Corals. Stunningly beautiful, in all shapes and colors, alive or petrified they have much impact on our planet and our imagination. Not only are they beautiful and mysterious, they also create underwater structures known as reefs, which fringe shores and islands, construct maritime barriers and ridges, and even build entire coral islands or atolls.  Biologists call coral “biogeomorphic agents” because they shape the environment in a profound and large-scale manner.  But what are corals?

Corals build beautiful and infinitely complex ecosystems, hubs of life and biodiversity. In the photograph a coral reef at the Palmyra Atoll National Wildlife Refuge in the Pacific Ocean, by Jim Maragos/USFWS

The coralline conundrum

The definition of a coral has always been very slippery and the more we know about them the harder it becomes to define them. Even today, with our developed taxonomic knowledge, biologists find it difficult to provide a brief and clear answer.  In a review paper on corals, in the Encyclopedia of Islands no less, Daphne Fautin and Robert Buddemeier begin their article by stating this clearly: “The term “coral” is neither scientific nor precise”.  After a short and rather cryptic definition (at least to non-specialists), according to which corals are “cnidarian polyps capable of secreting skeletons that contribute to formation of reefs,” they go on for two densely printed pages to explain what a coral is and what it is not among the swarm of “sessile” oceanic life, meaning those sea creatures stuck to the seabed.

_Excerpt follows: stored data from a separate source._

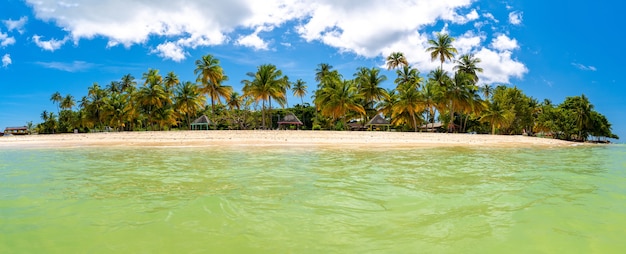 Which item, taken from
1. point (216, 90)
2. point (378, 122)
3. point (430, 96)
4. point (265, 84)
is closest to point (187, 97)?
point (216, 90)

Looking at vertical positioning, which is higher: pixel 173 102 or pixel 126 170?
pixel 173 102

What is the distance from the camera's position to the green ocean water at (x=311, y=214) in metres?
3.40

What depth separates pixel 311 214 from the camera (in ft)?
14.9

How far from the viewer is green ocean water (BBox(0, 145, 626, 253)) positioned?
3398 millimetres

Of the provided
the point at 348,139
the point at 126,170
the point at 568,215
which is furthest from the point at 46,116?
the point at 568,215

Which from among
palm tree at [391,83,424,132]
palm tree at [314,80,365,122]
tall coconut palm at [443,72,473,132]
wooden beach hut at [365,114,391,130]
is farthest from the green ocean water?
wooden beach hut at [365,114,391,130]

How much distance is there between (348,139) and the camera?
2367 cm

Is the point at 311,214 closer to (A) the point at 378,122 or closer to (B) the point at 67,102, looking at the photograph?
(A) the point at 378,122

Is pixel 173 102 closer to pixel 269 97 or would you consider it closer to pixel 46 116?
pixel 269 97

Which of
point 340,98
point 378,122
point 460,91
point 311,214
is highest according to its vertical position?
point 460,91

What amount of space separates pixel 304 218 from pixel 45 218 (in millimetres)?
3308

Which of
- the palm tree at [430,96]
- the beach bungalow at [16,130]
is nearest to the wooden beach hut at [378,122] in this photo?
the palm tree at [430,96]

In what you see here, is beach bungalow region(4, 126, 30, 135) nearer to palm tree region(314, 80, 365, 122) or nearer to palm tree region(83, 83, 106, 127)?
palm tree region(83, 83, 106, 127)

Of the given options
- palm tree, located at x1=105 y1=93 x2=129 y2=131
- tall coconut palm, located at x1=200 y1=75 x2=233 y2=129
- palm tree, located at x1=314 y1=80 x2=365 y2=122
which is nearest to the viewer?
palm tree, located at x1=314 y1=80 x2=365 y2=122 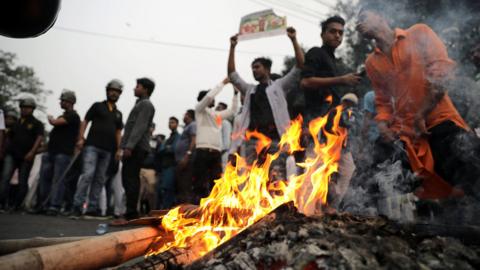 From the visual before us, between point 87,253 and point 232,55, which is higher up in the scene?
point 232,55

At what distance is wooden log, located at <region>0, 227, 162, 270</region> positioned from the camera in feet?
6.42

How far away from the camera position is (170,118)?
9938mm

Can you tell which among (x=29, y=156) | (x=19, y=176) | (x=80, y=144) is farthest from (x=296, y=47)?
(x=19, y=176)

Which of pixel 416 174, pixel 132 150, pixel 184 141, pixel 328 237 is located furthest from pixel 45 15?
pixel 184 141

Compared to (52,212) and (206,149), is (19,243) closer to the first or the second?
(206,149)

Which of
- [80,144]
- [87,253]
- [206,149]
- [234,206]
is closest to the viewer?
[87,253]

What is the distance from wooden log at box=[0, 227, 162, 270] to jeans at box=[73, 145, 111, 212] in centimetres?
464

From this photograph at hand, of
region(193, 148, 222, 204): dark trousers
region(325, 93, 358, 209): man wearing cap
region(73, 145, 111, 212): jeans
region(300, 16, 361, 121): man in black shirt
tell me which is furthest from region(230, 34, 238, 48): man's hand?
region(73, 145, 111, 212): jeans

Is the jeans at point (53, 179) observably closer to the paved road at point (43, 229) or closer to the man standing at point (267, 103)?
the paved road at point (43, 229)

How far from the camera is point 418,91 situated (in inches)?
155

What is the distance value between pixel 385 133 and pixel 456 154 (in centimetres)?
77

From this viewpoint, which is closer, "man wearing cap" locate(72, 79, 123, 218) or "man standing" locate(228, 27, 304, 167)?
"man standing" locate(228, 27, 304, 167)

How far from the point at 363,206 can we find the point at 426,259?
8.54 feet

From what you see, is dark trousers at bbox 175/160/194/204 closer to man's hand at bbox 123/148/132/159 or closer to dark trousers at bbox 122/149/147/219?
dark trousers at bbox 122/149/147/219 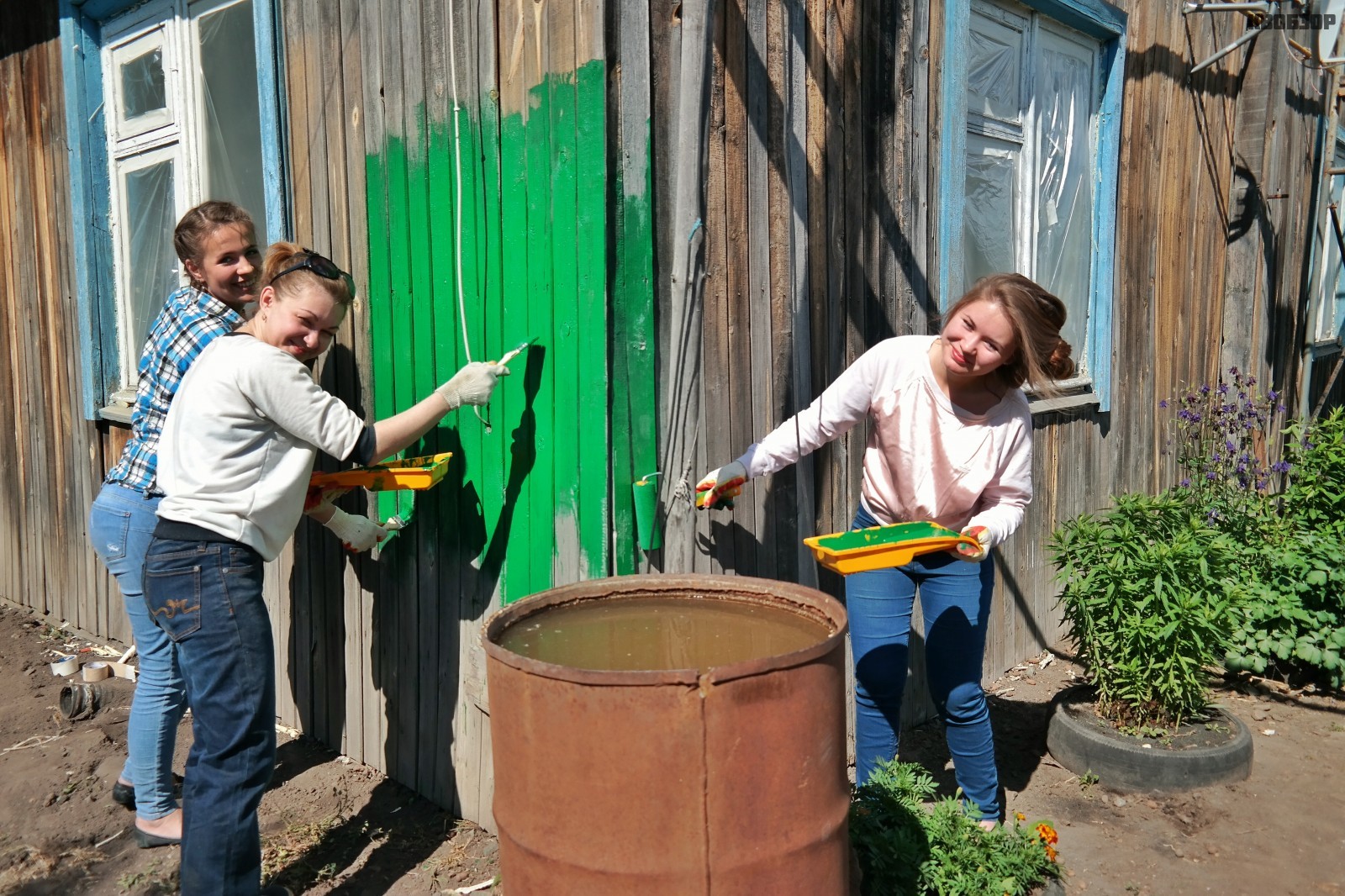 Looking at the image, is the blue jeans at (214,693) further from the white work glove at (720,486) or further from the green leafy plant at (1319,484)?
the green leafy plant at (1319,484)

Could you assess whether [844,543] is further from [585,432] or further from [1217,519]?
[1217,519]

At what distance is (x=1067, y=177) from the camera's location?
5.05 metres

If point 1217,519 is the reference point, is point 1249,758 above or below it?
below

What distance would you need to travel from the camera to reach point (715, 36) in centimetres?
293

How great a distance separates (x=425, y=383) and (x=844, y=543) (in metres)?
1.50

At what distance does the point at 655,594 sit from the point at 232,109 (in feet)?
10.00

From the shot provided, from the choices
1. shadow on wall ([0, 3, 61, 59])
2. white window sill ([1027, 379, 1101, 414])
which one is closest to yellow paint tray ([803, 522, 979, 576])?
white window sill ([1027, 379, 1101, 414])

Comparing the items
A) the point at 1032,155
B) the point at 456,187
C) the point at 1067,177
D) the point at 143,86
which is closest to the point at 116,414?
the point at 143,86

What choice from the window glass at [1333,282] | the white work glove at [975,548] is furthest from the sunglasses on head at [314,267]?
the window glass at [1333,282]

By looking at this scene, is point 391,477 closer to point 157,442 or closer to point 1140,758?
point 157,442

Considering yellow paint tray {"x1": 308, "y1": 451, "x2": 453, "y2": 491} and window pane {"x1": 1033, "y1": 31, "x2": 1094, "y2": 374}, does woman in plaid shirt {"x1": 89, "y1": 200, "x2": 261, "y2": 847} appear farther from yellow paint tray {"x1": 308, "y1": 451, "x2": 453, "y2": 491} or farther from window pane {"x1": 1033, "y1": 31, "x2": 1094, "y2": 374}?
window pane {"x1": 1033, "y1": 31, "x2": 1094, "y2": 374}

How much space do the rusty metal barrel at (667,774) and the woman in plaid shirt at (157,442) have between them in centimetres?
165

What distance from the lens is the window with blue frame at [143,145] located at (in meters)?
4.14

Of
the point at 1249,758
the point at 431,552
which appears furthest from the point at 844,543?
the point at 1249,758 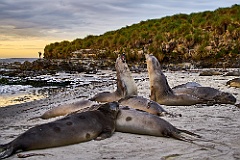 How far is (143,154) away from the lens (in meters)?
4.63

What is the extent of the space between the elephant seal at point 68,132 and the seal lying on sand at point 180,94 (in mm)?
2980

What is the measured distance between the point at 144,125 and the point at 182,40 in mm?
25180

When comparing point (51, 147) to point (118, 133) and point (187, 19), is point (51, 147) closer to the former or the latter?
point (118, 133)

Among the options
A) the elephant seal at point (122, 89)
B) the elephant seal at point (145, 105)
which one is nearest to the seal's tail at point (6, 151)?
the elephant seal at point (145, 105)

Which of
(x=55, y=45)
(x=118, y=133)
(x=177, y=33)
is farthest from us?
(x=55, y=45)

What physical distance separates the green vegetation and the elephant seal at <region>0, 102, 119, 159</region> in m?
20.7

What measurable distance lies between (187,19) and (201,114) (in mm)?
34221

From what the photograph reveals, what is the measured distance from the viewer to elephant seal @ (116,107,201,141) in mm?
5484

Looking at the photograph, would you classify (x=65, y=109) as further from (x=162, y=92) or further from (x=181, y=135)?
(x=181, y=135)

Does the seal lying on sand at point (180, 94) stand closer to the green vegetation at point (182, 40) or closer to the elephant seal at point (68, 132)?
the elephant seal at point (68, 132)

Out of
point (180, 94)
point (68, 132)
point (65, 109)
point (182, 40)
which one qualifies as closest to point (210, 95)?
point (180, 94)

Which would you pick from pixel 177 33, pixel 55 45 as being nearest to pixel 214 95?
pixel 177 33

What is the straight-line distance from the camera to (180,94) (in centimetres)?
885

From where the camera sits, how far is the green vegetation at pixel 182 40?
27391 mm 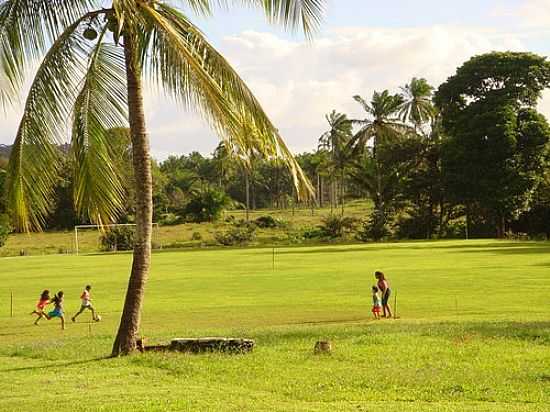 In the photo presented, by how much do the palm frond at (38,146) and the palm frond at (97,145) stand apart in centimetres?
30

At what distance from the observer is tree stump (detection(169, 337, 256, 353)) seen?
13016mm

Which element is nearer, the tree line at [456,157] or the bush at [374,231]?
the tree line at [456,157]

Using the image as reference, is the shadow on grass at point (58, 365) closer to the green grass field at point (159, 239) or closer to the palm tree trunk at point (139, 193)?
the palm tree trunk at point (139, 193)

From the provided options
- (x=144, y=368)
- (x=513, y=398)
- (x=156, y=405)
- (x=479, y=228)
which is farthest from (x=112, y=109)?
(x=479, y=228)

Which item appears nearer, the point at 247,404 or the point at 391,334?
the point at 247,404

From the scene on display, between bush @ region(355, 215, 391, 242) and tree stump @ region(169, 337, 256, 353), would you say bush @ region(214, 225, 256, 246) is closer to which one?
bush @ region(355, 215, 391, 242)

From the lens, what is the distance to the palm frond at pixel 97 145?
1093 cm

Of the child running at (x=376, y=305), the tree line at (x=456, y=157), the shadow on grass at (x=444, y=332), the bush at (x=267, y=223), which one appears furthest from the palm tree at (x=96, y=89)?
the bush at (x=267, y=223)

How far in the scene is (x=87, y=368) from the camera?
1195 cm

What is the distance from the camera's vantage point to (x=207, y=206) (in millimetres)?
92625

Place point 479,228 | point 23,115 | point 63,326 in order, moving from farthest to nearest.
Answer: point 479,228, point 63,326, point 23,115

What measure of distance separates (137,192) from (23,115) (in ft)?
7.74

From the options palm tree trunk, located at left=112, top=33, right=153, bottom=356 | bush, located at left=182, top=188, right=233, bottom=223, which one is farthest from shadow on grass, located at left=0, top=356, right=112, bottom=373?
bush, located at left=182, top=188, right=233, bottom=223

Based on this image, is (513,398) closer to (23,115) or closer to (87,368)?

For every definition they offer they also provide numerous exceptions creating a taxonomic maze.  Indeed, the term coral is neither scientific nor precise.

The “coral of life”. This drawing shows the major taxonomic groups of “corals” and their evolutionary relationship. The famous precious corals, including the Mediterranean red coral or Corallium rubrum, belong to the Octocorallia branch. The original drawing by Ryan Cowan is here reproduced from Malcolm Shick’s splendid 2018 book Where Corals Lie. A natural and cultural history.

In short, corals are relatives to stingy jelly fishes and sea anemones and they all belong to a large animal group called cnidarians (those that sting). There are solitary corals and corals that form colonies; there are reef builders with hard skeletons, soft corals, false coral, corals that resemble musical instruments (see, for example, the entry for Tubipora musica in the World Register of Marine Species), antlers, hammers, stars, cups, cushions, leather, ivory, feathers, fingers, brain, fire, lettuce and many more!

This magnificent organ pipe coral also goes by the Latin name Tubipora musica and is a soft coral with a hard skeleton of calcium carbonate (upper image) that forms a series of interconnected organ-like tubes. In each tube live several polyps, each having eight feather-like tentacles. The skeleton of this coral is bright purple in color but the colony itself may appear blue, green or purple depending on the color of is polyps (lower image). This is just one example of the endless combination of shapes, colors and life forms in the coral world.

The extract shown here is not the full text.